Auch andere Fachleute nennen die Todesnachricht unseriös. Wahr sei: 95 Prozent der Korallen sind durch die Korallenbleiche angegriffen. Aber krank sein bedeutet nicht tot sein. Die Bleiche sagt lediglich aus, dass sich die Korallen nicht wohl fühlen. Doch sie sind definitiv noch am Leben. Lediglich 35 Prozent des Korallenbestandes sei tot. Dabei hänge diese Fläche jedoch nicht zusammen, vielmehr handele es sich um tote Inseln inmitten lebender Korallenflächen. Ausgelöst wird die Bleiche durch zu warmes Wasser, was wiederum eine Folge El Niños sei. Der heiße Wind kommt aus Südamerika über den Pazifik gefegt und heizt das Wasser auf. Wenn El Niño nachlässt, werden sich auch die Korallen wieder erholen.

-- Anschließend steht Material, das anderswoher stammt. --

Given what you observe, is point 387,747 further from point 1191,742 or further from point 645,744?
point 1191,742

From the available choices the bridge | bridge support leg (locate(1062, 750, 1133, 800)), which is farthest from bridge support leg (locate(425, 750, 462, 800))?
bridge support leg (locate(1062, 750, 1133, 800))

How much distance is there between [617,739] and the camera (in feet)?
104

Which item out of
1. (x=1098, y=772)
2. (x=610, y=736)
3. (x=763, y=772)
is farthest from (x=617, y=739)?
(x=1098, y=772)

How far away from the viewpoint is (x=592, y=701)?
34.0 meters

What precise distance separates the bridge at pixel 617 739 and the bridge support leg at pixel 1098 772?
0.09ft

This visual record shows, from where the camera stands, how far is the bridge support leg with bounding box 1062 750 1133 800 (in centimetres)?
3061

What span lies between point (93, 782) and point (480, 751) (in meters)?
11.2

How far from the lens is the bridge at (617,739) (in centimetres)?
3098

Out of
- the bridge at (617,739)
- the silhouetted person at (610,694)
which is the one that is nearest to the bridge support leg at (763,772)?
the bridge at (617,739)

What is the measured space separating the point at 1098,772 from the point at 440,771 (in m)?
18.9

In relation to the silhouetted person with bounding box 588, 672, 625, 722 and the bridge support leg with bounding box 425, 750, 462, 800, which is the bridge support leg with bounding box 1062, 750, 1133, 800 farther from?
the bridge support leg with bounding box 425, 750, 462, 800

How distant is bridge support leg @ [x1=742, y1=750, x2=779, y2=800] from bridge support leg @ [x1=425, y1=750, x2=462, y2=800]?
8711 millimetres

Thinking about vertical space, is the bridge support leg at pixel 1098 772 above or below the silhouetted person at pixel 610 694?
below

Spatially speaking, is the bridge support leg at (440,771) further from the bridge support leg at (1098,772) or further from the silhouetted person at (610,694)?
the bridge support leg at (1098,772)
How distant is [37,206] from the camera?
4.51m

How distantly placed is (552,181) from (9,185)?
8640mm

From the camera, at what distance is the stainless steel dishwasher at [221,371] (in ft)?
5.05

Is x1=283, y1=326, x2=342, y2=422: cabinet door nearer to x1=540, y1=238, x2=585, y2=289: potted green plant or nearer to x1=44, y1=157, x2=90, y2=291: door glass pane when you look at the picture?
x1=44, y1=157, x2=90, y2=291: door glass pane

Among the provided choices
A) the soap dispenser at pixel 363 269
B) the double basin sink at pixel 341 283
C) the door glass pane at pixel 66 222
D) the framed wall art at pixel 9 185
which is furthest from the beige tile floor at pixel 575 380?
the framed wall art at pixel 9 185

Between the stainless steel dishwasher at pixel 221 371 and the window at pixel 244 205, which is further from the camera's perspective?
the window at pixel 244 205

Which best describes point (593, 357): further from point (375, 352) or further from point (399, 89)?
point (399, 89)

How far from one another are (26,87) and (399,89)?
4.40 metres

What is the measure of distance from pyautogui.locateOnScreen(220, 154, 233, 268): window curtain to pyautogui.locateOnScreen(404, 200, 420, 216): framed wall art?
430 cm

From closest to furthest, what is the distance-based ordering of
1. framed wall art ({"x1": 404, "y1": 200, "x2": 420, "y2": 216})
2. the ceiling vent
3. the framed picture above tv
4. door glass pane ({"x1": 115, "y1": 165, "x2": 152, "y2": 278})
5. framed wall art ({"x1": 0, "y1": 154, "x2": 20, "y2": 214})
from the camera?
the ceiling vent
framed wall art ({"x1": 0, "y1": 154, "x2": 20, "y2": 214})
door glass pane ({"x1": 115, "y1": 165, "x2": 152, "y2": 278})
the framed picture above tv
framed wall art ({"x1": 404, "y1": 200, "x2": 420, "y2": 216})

Allerdings scheint es so, als dass El Niño menschengemacht sei – Klimaerwärmung durch zu hohen CO2- Ausstoß. Gleiches gilt für die Riffe des Indischen Ozeans, also die von Chagos und den Malediven. Russell Brainard, Leiter des Korallen-Programms des Pacific Islands Fisheries Science Center, sagte: „Die Riffe für tot zu erklären ist, als ob man die Hälfte aller Bäume in einem Waldstück fällt und dann sagt, der Wald wird nicht mehr.“

Zurück zum Barrier Reef. Fachleute ärgern sich darüber, dass Medien in der Öffentlichkeit den Eindruck schüren, man täte nicht genug für das Riff. Wahr sei: Das australische Umweltministerium hat den „Reef 2050 Plan“ gestartet, gefördert mit umgerechnet knapp 1,4 Milliarden Euro. Im Plan stehen insgesamt 151 Ziele, die die Zukunft des Great Barrier Reefs sichern sollen – 29 seien schon eingeleitet, heißt es im kürzlich veröffentlichten ersten Jahresbericht. Unter anderem gelte für Häfen nun ein strenges Verbot, Ausbaggerungen im Riff abzuladen. Noch 2013 war der Ausbau des weltgrößten Kohlehafens genehmigt worden. Durch die Ausbauarbeiten waren viele Korallen mit Schlamm bedeckt worden und starben ab. Was der Bericht allerdings auch sagt: Es gibt nicht die eine Lösung, das Riff zu retten – Dutzende Maßnahmen müssen ineinander greifen. Maßnahmen zum Schutz des Riffs werden zudem von der Great Barrier Reef Foundation gefördert. Die Organisation sammelt Spenden – die australische Regierung gibt zu jeder Spende den gleichen Betrag hinzu. Fünf gespendete australische Dollar werden also zu zehn Dollar Förderung.

Blickt man auf die Maßnahmen und die Aussagen der Experten wird klar, dass der Nachruf verfrüht war. Ein Weckruf sollte er uns jedoch sein.